How America could become stronger

http://www.desmoinesregister.com/article/20100529/OPINION01/5290315/1036/OPINION/Guest-column-How-America-could-become-stronger/

Iowa is indeed a good place to live. Not because of our rolling hills, pleasant summers, or national political influence. No, a recent book shows with strong and compelling evidence that Iowa’s unique appeal rests in our lower income inequality.

In “The Spirit Level: Why Greater Equality Makes Societies Stronger,” epidemiologists Richard Wilkinson and Kate Pickett poured over reams of data on a set of common social problems: trust in society, mental health, drug use, life expectancy, infant mortality, obesity, children’s educational performance, teenage births, violent crime, imprisonment and social mobility. Using this data, they looked to see how these problems related to income levels in rich countries and the 50 states. What they found is astounding.

They first discovered that the overall wealth of a society does not determine the likelihood of these problems. Richer countries can do better or worse than less affluent ones. However, when they looked at income inequality — the gap between rich and poor — in every area they measured societies with greater income inequality have significantly higher rates of these problems. For example, unequal countries have three times the amount of mental illness, six to eight times the homicide rate, and eight times the teenage birth rate compared to more equal countries. The same goes for U.S. states. Louisiana, Mississippi and New York, where inequality is much higher, do far worse than more equal states like New Hampshire, Wisconsin, and Iowa (Iowa’s murder rate is seven times lower than Louisiana’s).

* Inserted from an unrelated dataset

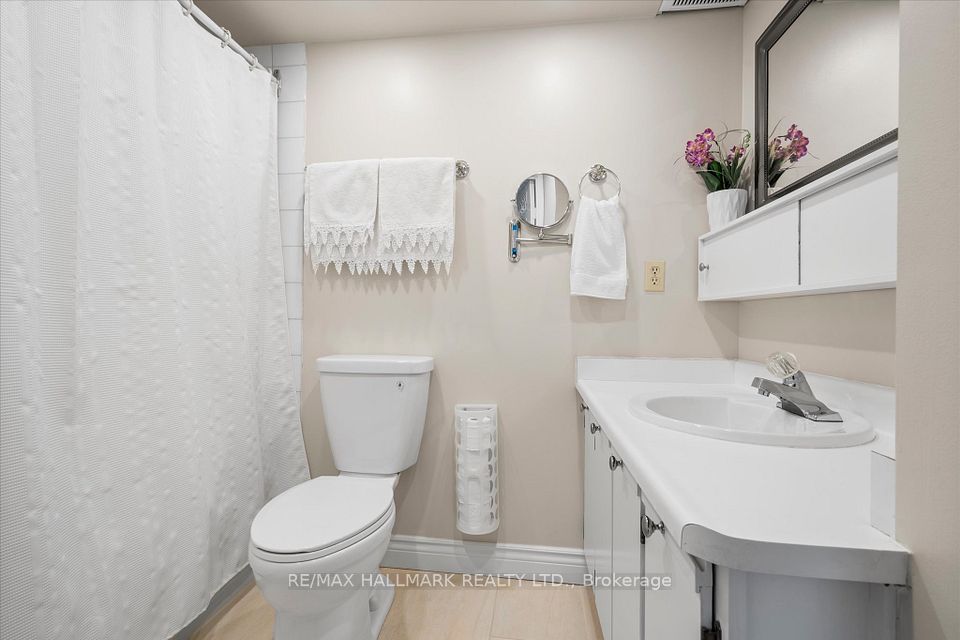 20 Dean Park Road 902, Toronto, ON M1B 3G9 13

But even though Iowa fares well when examining the gap between the “haves” and “have nots,” the United States is at or near the top in every problem category. And based on the evidence, we know why. The U.S. income gap is at its highest level in generations. The richest 10 percent of Americans own 70 percent of all U.S. wealth. After 30 years of “trickle down” economics, most Americans are still waiting for the trickle.
But Congress can start to right this ship. Here are three steps it can take this year toward closing the income gap:

  • First, expand the Earned Income Tax Credit and Child Tax Credit for low-income workers. The 2009 expansions of these credits, which have helped 7 million people, will expire this year. Make them permanent to strengthen families and help struggling workers make ends meet. We must also make these credits available to more low-income workers.
  • Second, allow all the Bush tax cuts for the top 2 percent of income earners to expire. This helps the middle class as well as wealthy taxpayers. As Wilkinson and Pickett discovered, the rich in low inequality countries are healthier, safer and do better in school than the rich in unequal countries.
  • Finally, leave the estate tax alone. Since 2001, cuts to the estate tax have made the richest 2 percent of Americans a whole lot richer. Fortunately, next year the estate tax returns to its fairer, pre-Bush levels, but Sen. Chuck Grassley and others are working zealously to prevent that from happening by enacting another, permanent cut. In a struggling economy, and in light of this new evidence, giving another tax cut to a few extremely wealthy families is the last thing Congress should be thinking about.

These changes won’t solve everything, but they’ll at least get our country (and our tax code) moving back toward rewarding work, not wealth. And by reducing income inequality in the United States, we can start addressing one of the underlying causes of many of our most pressing problems.

Need proof? Look no further than our own back yard. What’s good for Iowa is good for America.